Read the Coordinates: Your breath is your method to locate center. When you feel the sting of absence or the ache of sadness, acknowledge it, but then return to your breath. Steady, slowed breathing will signal your body to decelerate, and remind you that this is not an emergency. Tell your loved ones to feel free to remind you to slow down if you start to rev up.

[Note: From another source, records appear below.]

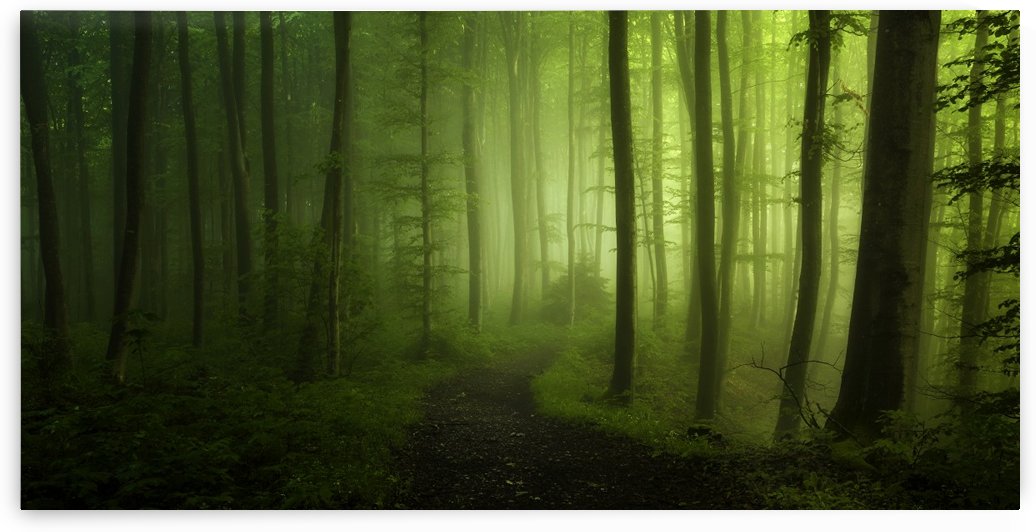 Spring Promise by 1x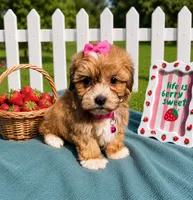 Gemma, a female Havanese for sale in Norfolk, NE – 2 of 8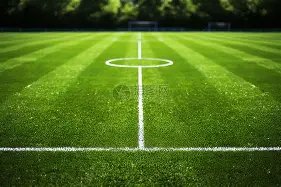 戴琳离世球,迷家属倾家,荡产偿债,开元体育会员登录入口,开元棋牌官网,开元体育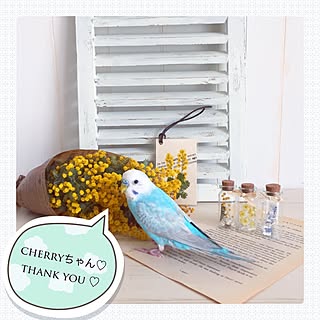 a.roseちゃんのルーバー/cherryちゃんのプレ企画/ベッド周りのインテリア実例 - 2017-04-12 12:45:36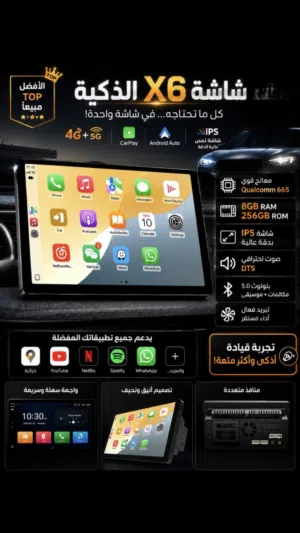 � شاشة X6 الأصلية
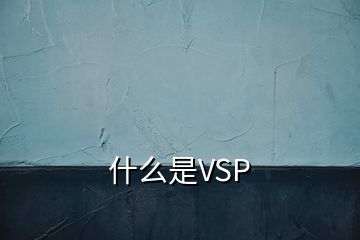 什么是VSP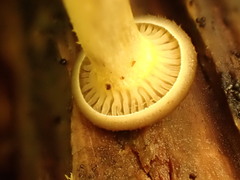 Pseudoarmillariella ectypoides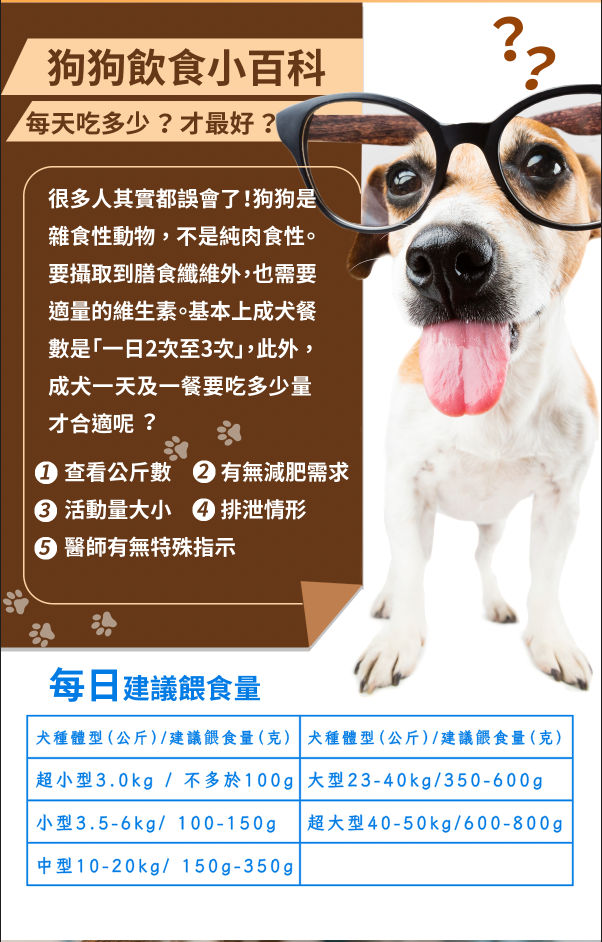 佳冠德成犬飼料型錄設計設計特寫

Arrive: Remind yourself: I am here. I am safe. I am with loved ones. It is okay to hope for change, but know that the “now” is also good. I can grieve, and then I can be in the present moment. (I know it’s a little corny, but when we quote Baba Ram Das telling us to “Be Here Now,” we have to realize he may have been on to something!)
Take Moments to Miss Your Child
I describe these goals as if they are easy—I know they are not. You may calm yourself, only to have something trigger you. It might be a specific song, or the stuffing recipe she loved best.
Do not assume you won’t miss her.
Acknowledge her, miss her, and then consciously use your map to come back. Granting your child the space she needs is your challenge; granting yourself the peace you need is your gift to yourself and those who have gathered with you.
Widening the Circle
Finally, remind yourself of past holidays. You may be missing those you have loved and lost, such as your own parents and grandparents.
Savor your memories. If you have the desire, bake your mother’s cookies or set out your grandfather’s crèche. Bring to mind the generations that built the foundation of your home.
So, Dear Wishing,
Holidays are a balancing act between the past and the present. Your contact with yourself is key to holding your center and finding your way.
Pema Chödrön wrote in The Wisdom of No Escape:
“Maitri [loving-kindness] is the act of making friends with yourself. It is the basis of a good home. If you can’t be at home with yourself, you will never be at home anywhere else.”
Tell yourself: I need to remember my home is inside me and that home is good enough.
Consider this equation:
Fighting Loss = Guilt + Pain
Sharing Love = A Path toward Peace
Best,
Kathy
Please write to me in the Comments section or email me at ksinsheimermft@gmail.com.
This is column #17.




Susan,
I am so sorry to hear about your deeply painful estrangement from your daughter, and your severe illness. I am glad to hear that you are currently in remission! Being collateral damage hurts not just from the devaluing but also the absence. Thank you for sharing this with me.
Thank you for letting me know how my column strikes you. Only "sounding good" isn't enough--for sure. Just to explain, I am trying to make use of Dear Estranged, to speak to circumstances that are very difficult in families, where there is rupture and heartache. Sounds like sometimes I get too heady--I will take that as feedback!
I am glad you are learning to live with loss and grief in a way that is fitting for you. And, yes, grief over the loss of someone close never fully resolves. I am glad to hear you have found some grief work that helps you work on your grief, and that you come to understand that your grief may be something that you live with.